The results of the present experiments are relevant to the problem of weight maintenance. It seems reasonable that conscious efforts to avoid excessive food intake should be expected to be most needed, and most worthwhile, when directed at that sector of metabolism where metabolic regulation is least effective in assuring the maintenance of substrate balance. Our investi­gations show that this is the case for fat, which suggests that deliberate efforts to facilitate weight control may be most likely to be effective in the long run when they serve to limit fat intake. This provides a metabolic rationale in support of current recommendations to counter the trend toward obesity by reducing the diet's fat content, and, thereby, the caloric density of the foods consumed.

However, we have subsequently learned increasing insulin levels 1000% by consuming a modest 75g of high glycemic carb three times every day (as recommended in official government guidelines and accepted as perfectly normal for decades) has dire consequences for weight gain, diabetes, inflammation, and the risk of age related diseases.

The study data highlights the often neglected influence of insulin on blood (FFA) free fatty acid levels which dropped to 1/3 of fasting levels by 2 hours and took up to 9 hours to recover to fasting levels. The brain hunger centers sense available energy levels in the circulation and respond to either low blood glucose or low fatty acid levels. In this study glucose levels returned to normal in 2 hours but fatty acid levels remained low for a further 2-3 hours after the high glycemic meal and hunger sensors in the brain perceive an energy deficit to trigger hunger despite being in positive fat balance.

Respiratory quotient is the ratio of CO2 to O2 in expired breath and indicates either use of fat (RQ 0.7) or carbohydrate (RQ 1.0) for energy. As indicated in the graph suppression of FFA levels by insulin is reflected in decreased fat oxidation as inverse RQ closely follows FFA.

The authors point out the free glucose pool present in extracellular fluids (ECF) of the body is just 10 grams so it is not surprising that 75 gm of rapidly absorbed carbohydrate swamps the free glucose pool and prompts the emergency switch to glucose storage in the form of glycogen and fat in muscle and adipose tissue to avoid what would otherwise be toxic levels of blood glucose.

Put this further in perspective the average American consumes 500 grams a day of high glycemic carbohydrates; maybe 170 g three times a day and a permanent positive fat balance in the face of low circulating energy levels to virtually guarantee progressive weight gain.

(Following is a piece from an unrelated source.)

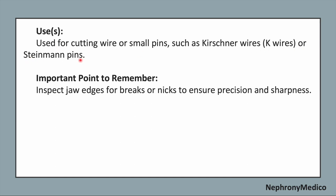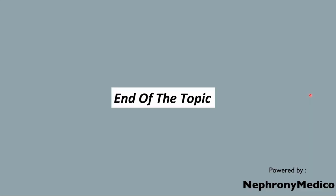An important point to remember while using this instrument: inspect the jaw edges for breaks or nicks to ensure precision and sharpness of the instrument. End of the topic.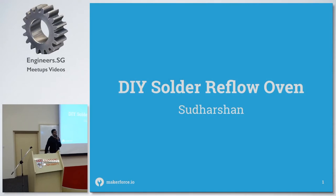People love soldering, so today I'm presenting about my DIY reflow oven, which I built because I was fed up with soldering QFN and EGAs using hot air reflow.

We also have vast amounts of data on glucose and insulin levels from glycemic index testing of foods and glucose tolerance tests for suspected diabetes where 100gm of available carbohydrate is used in test meals in the figures below . Note the difference in glucose and insulin levels between glucose tolerance (squares) and fat tolerance tests (circles).

In the light of government recommendations that we must consume more than 50% of our calories as carbohydrate and virtually the only carbohydrates available in supermarkets and convenience stores are sugar and starches from flour, potatoes, corn and rice: little wonder that 2/3 of the population are overweight and the rest may be struggling with hunger inducing diets just to keep their weight within normal levels.